Are you making these mistakes when cooking eggs?

Eggs are a food with a great nutritional value, versatile and delicious, perfect to include in healthy diets and weight loss. It can be used for many recipes and in different elaborations but when it comes to cooking them, we are not always clear on how to do it so that it can be peeled perfectly without the egg white sticking to the shell or the yolk is not too hard or greenish. Take note of the usual mistakes we make when cooking eggs so that this never happens again.

How should a perfect cooked egg be?

Although it seems simple, cooking an egg is not as easy as it seems. You have to control the temperature and time and get an egg that can be easily peeled in which the white is not sticking to the shell, and that the white is compact and juicy without acquiring that greenish color that can be seen in some cooked eggs.

Video:Foods to avoid in a healthy breakfast pixabay

Tips for cooking the perfect egg

There is a discrepancy in deciding whether it is better to put the eggs to be cooked directly in cold water before it breaks to boil or in boiling water. As well, This will depend on two factors, if the egg is cold and the cooking time we want to give.

The recommended is that the egg is fresh and that it is at room temperature before boiling it, since the thermal shock probably breaks the shell and you find those typical pieces of clear frayed floating through your container. If you are going to cook the egg for more than 7 minutes you can put it directly in cold water to boil because this will not influence its final texture as it would in less time cooking, yes, surely the yolk is off-center.

If you store the eggs in the fridge, remove them before cooking them so they are tempered, depending on the type of cooking you choose, you can put them directly in cold water or in boiling water.

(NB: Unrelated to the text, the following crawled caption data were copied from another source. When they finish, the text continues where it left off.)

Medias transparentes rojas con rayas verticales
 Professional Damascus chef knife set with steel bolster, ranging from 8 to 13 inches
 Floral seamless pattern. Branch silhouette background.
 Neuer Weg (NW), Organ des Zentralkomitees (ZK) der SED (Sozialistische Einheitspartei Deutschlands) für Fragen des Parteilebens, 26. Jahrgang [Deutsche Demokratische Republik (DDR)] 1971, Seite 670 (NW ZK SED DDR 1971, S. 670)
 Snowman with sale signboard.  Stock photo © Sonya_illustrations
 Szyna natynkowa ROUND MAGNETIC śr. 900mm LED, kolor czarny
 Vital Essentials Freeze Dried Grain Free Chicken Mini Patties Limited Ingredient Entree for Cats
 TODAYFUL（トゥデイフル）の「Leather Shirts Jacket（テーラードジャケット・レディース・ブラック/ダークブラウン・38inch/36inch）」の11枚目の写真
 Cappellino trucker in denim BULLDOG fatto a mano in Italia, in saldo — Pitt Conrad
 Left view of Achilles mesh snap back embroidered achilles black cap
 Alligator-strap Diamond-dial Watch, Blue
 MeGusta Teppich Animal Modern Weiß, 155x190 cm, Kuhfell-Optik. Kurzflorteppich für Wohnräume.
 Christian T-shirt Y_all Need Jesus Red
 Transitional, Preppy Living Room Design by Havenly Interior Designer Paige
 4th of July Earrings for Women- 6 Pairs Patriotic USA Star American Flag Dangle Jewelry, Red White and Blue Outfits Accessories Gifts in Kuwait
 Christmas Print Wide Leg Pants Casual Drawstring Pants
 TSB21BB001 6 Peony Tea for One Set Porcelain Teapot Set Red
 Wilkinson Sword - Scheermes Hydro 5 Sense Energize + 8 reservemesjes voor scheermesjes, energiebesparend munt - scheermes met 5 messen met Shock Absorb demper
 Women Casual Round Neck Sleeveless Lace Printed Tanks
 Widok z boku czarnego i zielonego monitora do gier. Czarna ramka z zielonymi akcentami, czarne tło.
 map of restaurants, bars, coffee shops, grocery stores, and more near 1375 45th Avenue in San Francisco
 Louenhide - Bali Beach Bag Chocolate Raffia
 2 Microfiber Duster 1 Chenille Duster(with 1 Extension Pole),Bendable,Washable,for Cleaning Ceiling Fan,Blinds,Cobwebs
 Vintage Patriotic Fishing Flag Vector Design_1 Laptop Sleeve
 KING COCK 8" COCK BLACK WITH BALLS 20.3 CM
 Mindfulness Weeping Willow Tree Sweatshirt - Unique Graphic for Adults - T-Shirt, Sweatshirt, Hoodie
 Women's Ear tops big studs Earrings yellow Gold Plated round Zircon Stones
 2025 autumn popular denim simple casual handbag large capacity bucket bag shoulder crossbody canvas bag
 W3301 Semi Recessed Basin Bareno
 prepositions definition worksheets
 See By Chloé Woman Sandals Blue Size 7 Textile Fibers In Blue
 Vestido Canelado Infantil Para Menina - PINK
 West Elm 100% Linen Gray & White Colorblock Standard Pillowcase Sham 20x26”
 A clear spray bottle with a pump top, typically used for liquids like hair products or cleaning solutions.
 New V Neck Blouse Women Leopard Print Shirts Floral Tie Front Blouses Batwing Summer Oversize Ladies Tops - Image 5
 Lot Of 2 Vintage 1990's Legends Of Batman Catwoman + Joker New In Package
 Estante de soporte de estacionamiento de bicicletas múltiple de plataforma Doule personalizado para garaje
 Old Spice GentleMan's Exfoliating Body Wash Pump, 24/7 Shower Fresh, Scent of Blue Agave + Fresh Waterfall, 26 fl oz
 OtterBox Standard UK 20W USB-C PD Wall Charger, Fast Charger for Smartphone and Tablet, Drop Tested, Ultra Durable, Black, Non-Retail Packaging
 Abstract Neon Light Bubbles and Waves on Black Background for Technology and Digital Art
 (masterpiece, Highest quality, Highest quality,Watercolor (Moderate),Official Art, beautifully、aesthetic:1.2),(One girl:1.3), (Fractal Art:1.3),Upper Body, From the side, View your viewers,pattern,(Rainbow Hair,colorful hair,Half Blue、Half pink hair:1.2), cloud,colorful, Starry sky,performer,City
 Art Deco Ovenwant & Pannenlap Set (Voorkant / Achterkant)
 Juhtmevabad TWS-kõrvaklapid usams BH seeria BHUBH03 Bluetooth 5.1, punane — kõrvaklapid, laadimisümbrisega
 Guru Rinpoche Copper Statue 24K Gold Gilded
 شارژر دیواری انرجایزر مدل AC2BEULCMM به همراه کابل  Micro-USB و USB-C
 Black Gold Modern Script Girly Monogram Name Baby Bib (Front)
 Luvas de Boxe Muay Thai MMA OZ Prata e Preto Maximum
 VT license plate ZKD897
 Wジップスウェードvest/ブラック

If you put them in boiling water the change in temperature can cause that break that we were talking about so the ideal is to introduce them carefully and to turn them taking advantage of the centrifugal force to center the clear in the case of cooking of few minutes.

A trick to avoid that eggs not too fresh or the temperature changes end up causing breaks in the shell, is to put in the water an acid such as a splash of vinegar or lemon juice. What these substances do is agglutinate or coagulate the egg proteins so in case of breakage the shell will be sealed with your help.

Baking eggs at a very high temperature makes the clear present a gummy texture so the ideal is to cook them at a medium temperature and of course completely covered with water so that they are done in a homogeneous way.

Remember that the eggshell is porous so the best option is, if you store the eggs in the fridge, keep them covered so that they do not take odors from other foods that later affect their taste. For this characteristic of the shell, if you add salt to the cooking water it will add a salty touch. Depending on the cooking time you will get a texture or another, it all depends on your preferences or the preparation you have in your hands.

Types of cooking

There are cooking for all tastes, for example with 2 or 3 minutes of cooking you will get the so-called coke egg that would have a semi-liquid consistency. With a little more cooking, 3 to 4 minutes, you will get the delicious poached or poached egg that is cooked without a shell wrapped in filmSurely you've seen it more than once and more than two on TV or even ventured to prepare them at some point. If you want a traditional egg passed through water, you only have to cook the egg for 4 or 5 minutes, this preparation presents the liquid yolk and the solid white, it is a delight that is eaten with a spoon.

The eggs called Mollet must be peeled very carefully because the white is cooked but the semi-liquid yolk and are very delicate to handle. Cooked eggs for life are recommended to boil them for 8 to 10 minutes, no more because the yolk becomes very compact and gray-greenish in addition to the texture of the white is altered. Why does this happen? Because excessive cooking causes the proteins to be compacted by letting the water escape, in addition the clear releases hydrogen sulfide resulting in an unpleasant smell to the egg.

How to peel an egg without breaking it

Once we have our cooked egg after 8 or 10 minutes, put it in cold water so that the thermal shock separates the egg white from the yolk, you can already gently hit the egg and start peeling it. One trick we learned from chef Gordon Ramsey is that once the egg is beaten to start peeling if you submerge it in cold water or pass it under the tap so that the water penetrates through the cracks you will be able to peel more easily. We have tried it and it really works.